SYDNEY: A firebomb attack outside an Australian mosque during prayers was condemned Wednesday by Australian Prime Minister Malcolm Turnbull, with one Islamic leader calling it a "hate crime".
No one was injured in Tuesday night's blast which destroyed a car parked outside a mosque and Islamic college in the Perth suburb of Thornlie.
"It is believed an accelerant was used to start the fire," Western Australian police said in a statement, adding that three other vehicles were damaged in the incident. "Anti-Islamic graffiti was located spray painted on a wall associated with the college, near the damaged vehicles."
The mosque's Yahya Adel Ibrahim said the community in Perth had been visited "by hate" but would not retaliate by "hating and playing blame games".
"This, undoubtedly is a criminal act of hate, but it is the act of a person or group not the greater whole," he said on Facebook. "Despite what just transpired, everyone stayed to finish their prayers, refusing to give into the terror that had just occurred."
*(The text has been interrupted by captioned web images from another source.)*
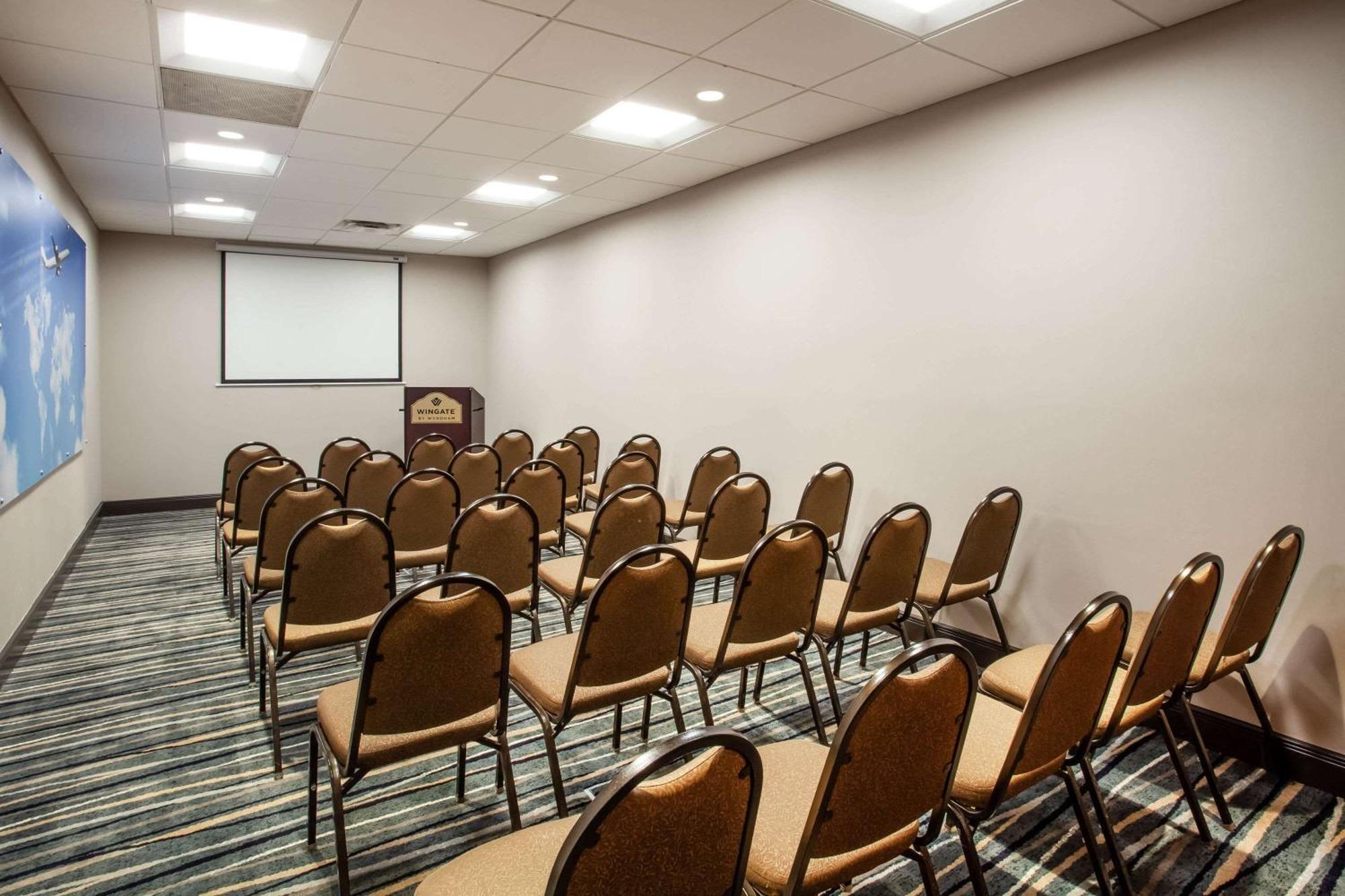 Wingate By Wyndham - International Airport- Free Hot Breakfast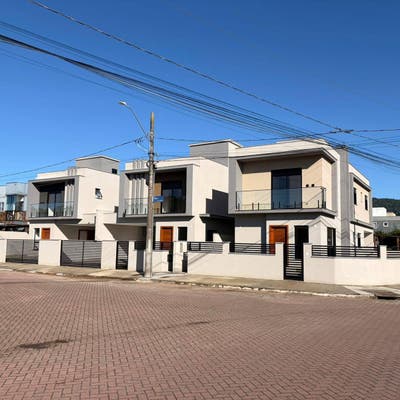 Sobrado com financiamento bancário disponível á venda no Rio Vermelho/Florianópolis - Sobrado - à venda - Nativo Imóveis LTDA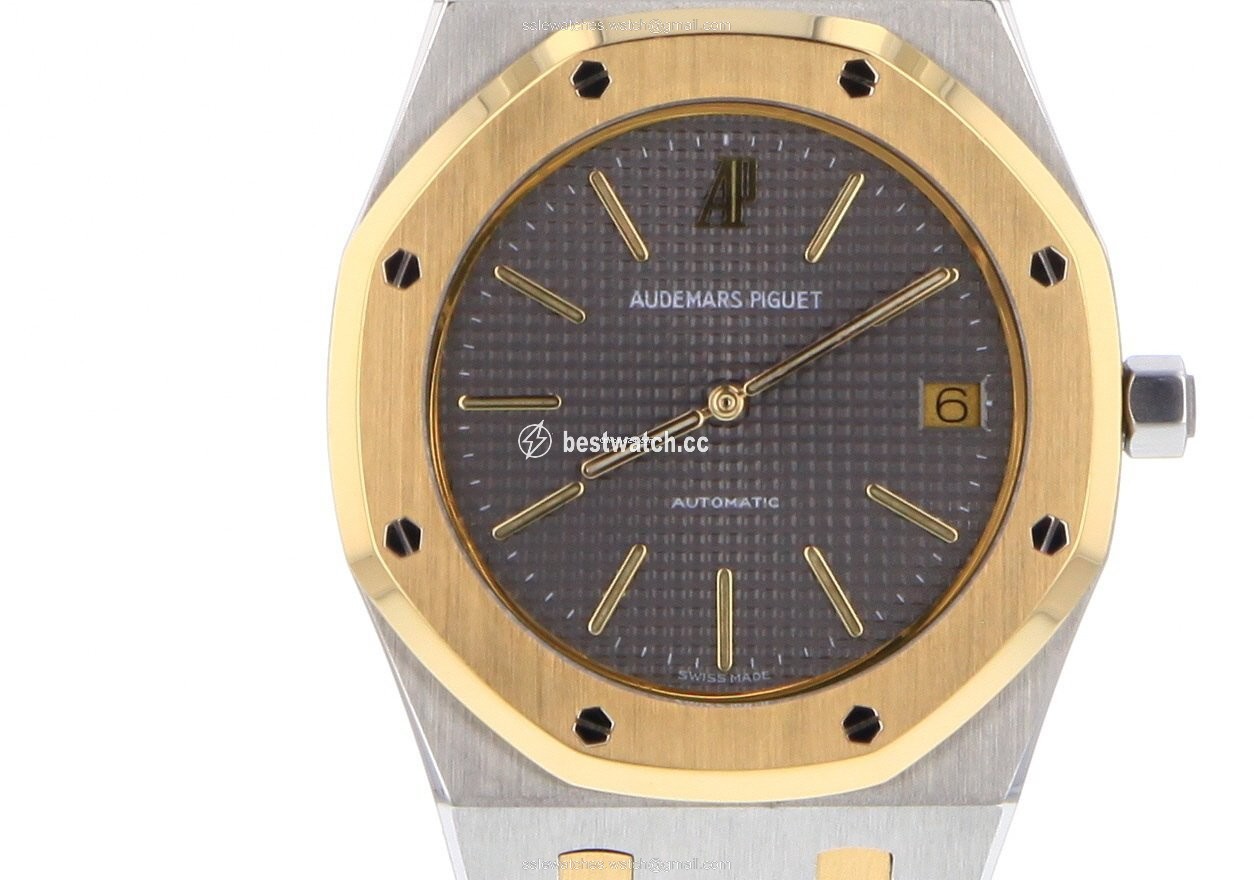 IMG_9085 Audemars Piguet Royal Oak Jumbo Mens watch Unisex Automatic Gold Steel 5402SA Replica 2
Anti-Muslim sentiment has become more prominent in Australia over the past year as concerns have mounted over homegrown extremism and citizens travelling to Iraq and Syria to support militant groups.
But Turnbull, who faces a general election on Saturday, said Australia had a fundamental foundation of mutual respect.
"I deplore and I cannot condemn strongly enough any attacks of that kind," he told radio station 6PR.
Australian Islamic College executive principal Abdullah Khan said while the attack came as a shock, he had been reassured by the support from the community.
At the last national census in 2011, Muslims made up less than 3 per cent of the overall Australian population of 24 million, with the overwhelming majority of the country identifying as Christian.